People ex rel. McCallister v. Chicago, Burlington & Quincy Railroad

118 N.E. 439, 282 Ill. 206
CourtIllinois Supreme Court
DecidedDecember 19, 1917
DocketNo. 11716
StatusPublished
Cited by6 cases

This text of 118 N.E. 439 (People ex rel. McCallister v. Chicago, Burlington & Quincy Railroad) is published on Counsel Stack Legal Research, covering Illinois Supreme Court primary law. Counsel Stack provides free access to over 12 million legal documents including statutes, case law, regulations, and constitutions.

Bluebook
People ex rel. McCallister v. Chicago, Burlington & Quincy Railroad, 118 N.E. 439, 282 Ill. 206 (Ill. 1917).

Opinion

Mr. Justice Duncan

delivered the opinion of the court:

The questions presented by this record arise on objections filed by the appellant in the county court of Hancock county to the city tax of Dallas City, the village tax of the village of Ferris, the city tax of Carthage, the road and bridge taxes of the townships of Augusta, St.
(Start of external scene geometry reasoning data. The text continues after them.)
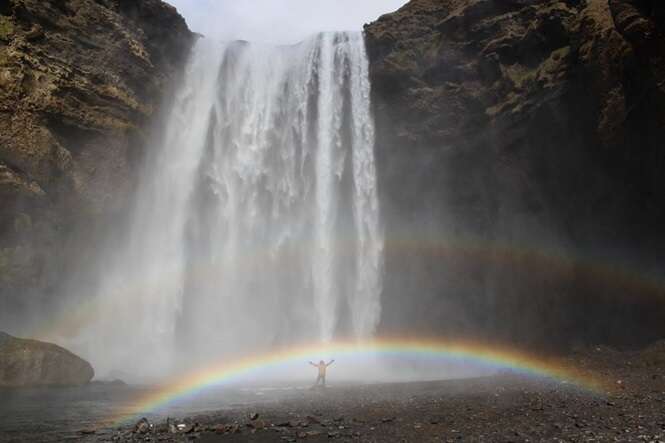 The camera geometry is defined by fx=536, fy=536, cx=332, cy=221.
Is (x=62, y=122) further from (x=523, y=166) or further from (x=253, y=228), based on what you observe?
(x=523, y=166)

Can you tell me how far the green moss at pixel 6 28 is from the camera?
29172 mm

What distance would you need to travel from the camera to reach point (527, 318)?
2956 cm

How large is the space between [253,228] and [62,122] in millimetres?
13025

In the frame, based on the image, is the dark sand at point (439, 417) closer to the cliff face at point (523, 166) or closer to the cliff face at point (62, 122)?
the cliff face at point (523, 166)

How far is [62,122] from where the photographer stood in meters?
30.6

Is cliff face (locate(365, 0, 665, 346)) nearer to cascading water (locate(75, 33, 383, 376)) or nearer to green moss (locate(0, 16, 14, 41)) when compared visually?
cascading water (locate(75, 33, 383, 376))

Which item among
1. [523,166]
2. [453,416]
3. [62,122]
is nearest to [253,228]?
[62,122]

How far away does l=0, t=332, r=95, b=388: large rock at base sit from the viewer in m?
21.5

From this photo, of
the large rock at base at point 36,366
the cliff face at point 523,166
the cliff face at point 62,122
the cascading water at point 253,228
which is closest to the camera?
the large rock at base at point 36,366

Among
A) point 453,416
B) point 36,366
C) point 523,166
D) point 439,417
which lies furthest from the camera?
point 523,166

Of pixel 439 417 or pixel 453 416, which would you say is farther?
pixel 453 416

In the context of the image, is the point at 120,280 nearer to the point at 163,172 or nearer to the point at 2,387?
the point at 163,172

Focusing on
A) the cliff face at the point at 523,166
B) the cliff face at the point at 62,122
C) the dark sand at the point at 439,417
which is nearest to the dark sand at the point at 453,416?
the dark sand at the point at 439,417

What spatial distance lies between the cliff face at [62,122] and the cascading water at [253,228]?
11.8ft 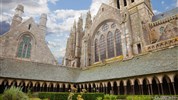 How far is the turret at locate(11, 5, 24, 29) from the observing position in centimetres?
3241

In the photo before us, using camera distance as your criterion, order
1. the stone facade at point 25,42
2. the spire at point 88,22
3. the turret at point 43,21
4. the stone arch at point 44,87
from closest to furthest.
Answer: the stone arch at point 44,87 → the stone facade at point 25,42 → the spire at point 88,22 → the turret at point 43,21

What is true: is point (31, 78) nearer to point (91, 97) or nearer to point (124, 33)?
point (91, 97)

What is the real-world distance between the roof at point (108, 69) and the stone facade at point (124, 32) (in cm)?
318

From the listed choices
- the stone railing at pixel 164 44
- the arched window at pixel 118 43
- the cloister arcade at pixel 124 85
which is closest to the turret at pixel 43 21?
the cloister arcade at pixel 124 85

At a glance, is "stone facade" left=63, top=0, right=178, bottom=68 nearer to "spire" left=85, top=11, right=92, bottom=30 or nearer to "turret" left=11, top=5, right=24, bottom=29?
"spire" left=85, top=11, right=92, bottom=30

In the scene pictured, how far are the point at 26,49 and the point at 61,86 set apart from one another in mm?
13262

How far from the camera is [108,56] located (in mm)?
28344

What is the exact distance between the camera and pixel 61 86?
23.2 metres

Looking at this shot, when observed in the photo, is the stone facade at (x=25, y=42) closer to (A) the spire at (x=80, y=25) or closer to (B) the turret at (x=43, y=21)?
(B) the turret at (x=43, y=21)

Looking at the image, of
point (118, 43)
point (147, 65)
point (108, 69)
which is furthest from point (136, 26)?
point (147, 65)

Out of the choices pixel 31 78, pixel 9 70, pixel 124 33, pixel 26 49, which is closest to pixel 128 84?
pixel 124 33

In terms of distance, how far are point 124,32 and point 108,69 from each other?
7632mm

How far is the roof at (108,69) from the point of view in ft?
47.6

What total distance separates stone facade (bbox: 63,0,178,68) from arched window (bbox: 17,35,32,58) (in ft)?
40.2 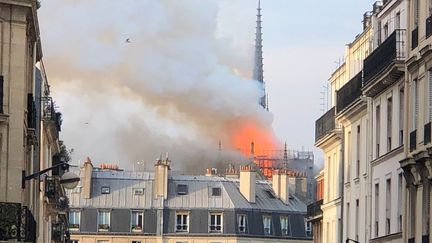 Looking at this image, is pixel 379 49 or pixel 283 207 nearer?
pixel 379 49

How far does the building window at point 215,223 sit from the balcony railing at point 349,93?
5766 cm

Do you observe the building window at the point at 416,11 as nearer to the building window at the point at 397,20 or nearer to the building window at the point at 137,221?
the building window at the point at 397,20

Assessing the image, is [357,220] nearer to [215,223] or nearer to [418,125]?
[418,125]

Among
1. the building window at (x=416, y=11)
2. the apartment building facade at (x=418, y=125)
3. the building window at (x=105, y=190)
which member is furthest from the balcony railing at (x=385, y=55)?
the building window at (x=105, y=190)

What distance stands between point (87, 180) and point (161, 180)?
5840 mm

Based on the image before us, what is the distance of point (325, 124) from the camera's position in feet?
227

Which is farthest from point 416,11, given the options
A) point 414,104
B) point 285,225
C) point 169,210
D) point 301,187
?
point 301,187

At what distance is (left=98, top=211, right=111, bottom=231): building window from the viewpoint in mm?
119188

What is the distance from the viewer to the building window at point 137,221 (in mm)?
119688

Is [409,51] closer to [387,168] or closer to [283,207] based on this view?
[387,168]

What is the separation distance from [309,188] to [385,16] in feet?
279

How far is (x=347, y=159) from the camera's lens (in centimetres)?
6275

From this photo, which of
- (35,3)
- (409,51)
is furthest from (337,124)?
(35,3)

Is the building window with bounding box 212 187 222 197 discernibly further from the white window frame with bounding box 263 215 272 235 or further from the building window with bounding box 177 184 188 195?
the white window frame with bounding box 263 215 272 235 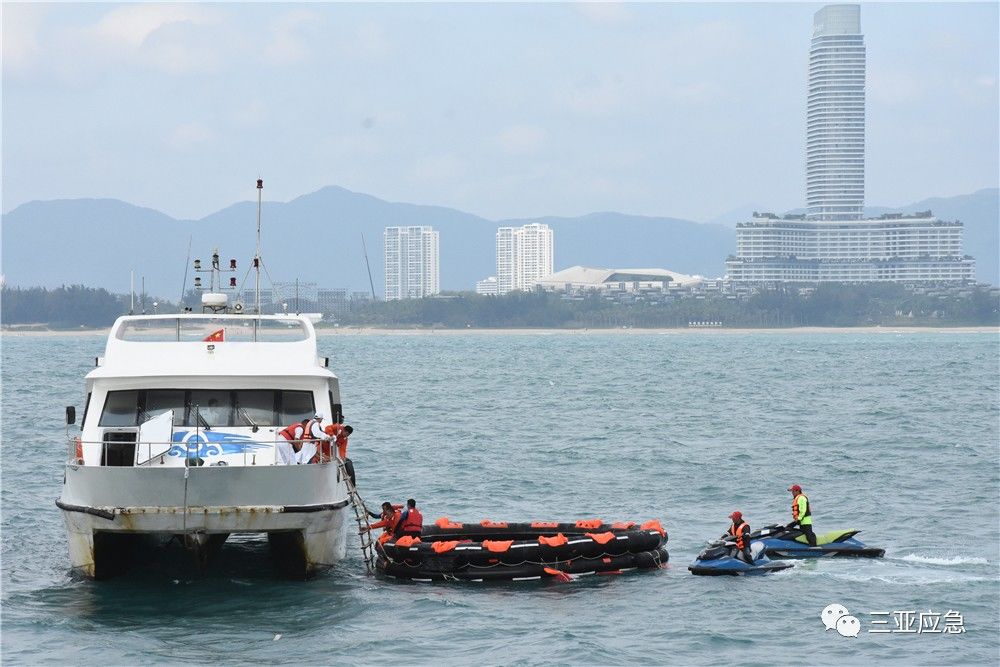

Mary’s, Dallas City, Rock Creek, Prairie, Carthage, Bear Creek and St. Albans, and the town taxes of the towns of Augusta, St. Mary’s, Rock Creek, Prairie and Bear Creek, all levied against its property for the year 1914. The county court overruled all objections and entered judgments and orders of sale against appellant’s property, and this appeal followed.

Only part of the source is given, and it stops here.